6 『モス』
学校に行きたくなかった。その日だけでなくもうずっと行きたくなかった。でもその日の朝いつも通りの時間に起き、支度をして、家を出たのは、自分がしたことの結果を確認したいという思いがあったからだ。すべて自分の妄想だったならどれだけよかっただろう。そうしたら頭に浮かんでくる数々の言い訳と向き合わずに済む。亀をいたぶっていた彼女が悪い。私は亀を助けただけ。みんなをいじめていた彼女が悪い。私はみんなの分をやり返しただけ。みんなきっと私の味方をしてくれる、はず。とにかく学校に行って様子を伺おう──。
教室についた。クラスにはまだ不穏な空気はなかった。塚田さんはまだいなかった。安堵の息を吐く。今日、私は彼女に殴られるかもしれない。いや殺されてもおかしくないだろう、と覚悟を決めていると、どんどんみんながやってきた。しかし塚田さんはまだ来ない。彼女の席だけが空白だった。そして先生が入ってきて、言った。昨日から塚田さんが家に帰っていないと。何か知っている人はいないかと。
空気が張りつめたのがわかった。家出? 誘拐? といった単語が飛び交う。小さな町だ、そんなセンセーショナルなニュースなんてこれまでまったくなかった。それはテレビのなかの出来事で、自分たちとは関係のないことだと、きっとみんな思っていた。でも何の前触れもなく今日やってきた。クラスメイトが、消えた。昨夜、警察に捜索願が出されたという。何かわかったらすぐ大人に教えてほしい、と先生は言い、朝の会を終えて、授業に取り掛かった。だが当然ながら授業を聞いている人はほとんどいなかった。

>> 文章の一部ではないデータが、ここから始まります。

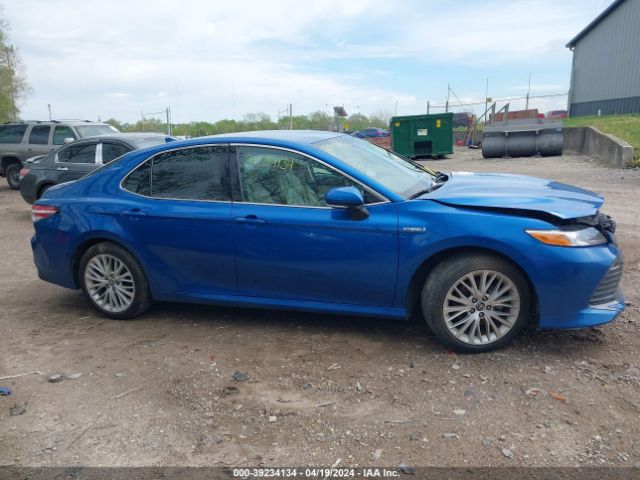 4T1B21HK7KU011941 Toyota Camry Hybrid Xle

みんな顔を寄せ合って、自分の予想を、いや妄想を話していた。先生はそれに何も言わなかった。
そのなかで一番平静じゃなかったのは、きっと私だろう。家に帰っていない? どういうことだ? 彼女はあの後、池から上がり、私への憎悪をたぎらせながら家に帰ったんじゃないのか? 私は彼女からの仕返しを覚悟していた。その予想が、まるきり外れた。じゃあ彼女は今どこに? もしかしてまだ三日月池に? それはつまり、死──と思考が回転していき、最後に聞いた彼女の声と重なった。もし彼女があのまま上がれず、池に沈んでしまったのだとしたら……。一刻も早くあそこに行きたくてしょうがなかった。彼女の姿を見るまで、この体の震えは収まらないだろう。

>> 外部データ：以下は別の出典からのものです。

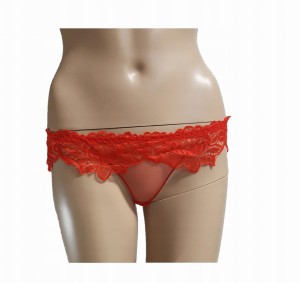 #144 Czerwone Stringi bielizna erotyczna sexy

下校中、様々な大人とすれ違った。すれ違うとき、普段遊んでいる場所はどこでしょう、とかそんな話が聞こえた。まだ三日月公園は捜索されていないのだろうか。三日月池は奥の部分は入口から見えないとはいえ、所詮は公園の池だ。広場から覗きこめばすぐわかる。水死体なんて見たことないのに、リアルにその姿を思い描いてしまった。私は道を変えて三日月公園に寄った。一応、周りに誰かいないか確認してから入った。岩の上にまだ水鳥がいた。昨日からずっとそこにいたのだろうか。いや、さすがにそれはないだろう。鳥にだって帰る場所があるはずだ。でも、どこに? 私は鳥がどこに帰るのかを知らない。彼らにとってどこが帰る場所なのだろう?
果たして塚田さんは──いなかった。柵を乗り越え、池の縁まで来ても彼女の姿はなかった。水面にも浮いていなかった。私はそのとき絶望したのか、安堵したのか。しかし私は岩に赤黒い染みがあるのを見てしまった。塚田さんが亀を叩きつけた箇所だ。だから昨日のことは確かに現実に起きたことだったのだ。池を覗きこむ。亀がいた。しかし傷はなかった。ゆっくりと、揺蕩っていた。この亀も、昨日の亀とは違うのだろう。じゃあ昨日の亀はどこに? と見回すが、それも見つけられなかった。池は濃い緑色をしていて、その底までは見えない。アメンボや小さな虫が動いている。水のなかにもきっと色んな生き物がいるのだろう。ここは人間の世界というより、自然の世界だった。ふと、彼女は池の底に沈んでしまったのではないかと思った。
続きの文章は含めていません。